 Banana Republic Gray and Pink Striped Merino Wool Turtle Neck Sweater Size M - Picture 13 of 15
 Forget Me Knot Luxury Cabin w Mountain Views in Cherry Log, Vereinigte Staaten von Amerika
==
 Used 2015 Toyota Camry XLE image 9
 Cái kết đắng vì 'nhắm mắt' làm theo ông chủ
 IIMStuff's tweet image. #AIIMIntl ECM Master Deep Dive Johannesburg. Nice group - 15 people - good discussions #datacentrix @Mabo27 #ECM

Your instructions: Above this instruction are the records; retype exactly the lines from the one containing "Cái kết đắng vì 'nhắm mắt' làm theo ông chủ" up to and including the one containing "IIMStuff's tweet image.".

Answer to the exercise:
 Cái kết đắng vì 'nhắm mắt' làm theo ông chủ
 IIMStuff's tweet image. #AIIMIntl ECM Master Deep Dive Johannesburg. Nice group - 15 people - good discussions #datacentrix @Mabo27 #ECM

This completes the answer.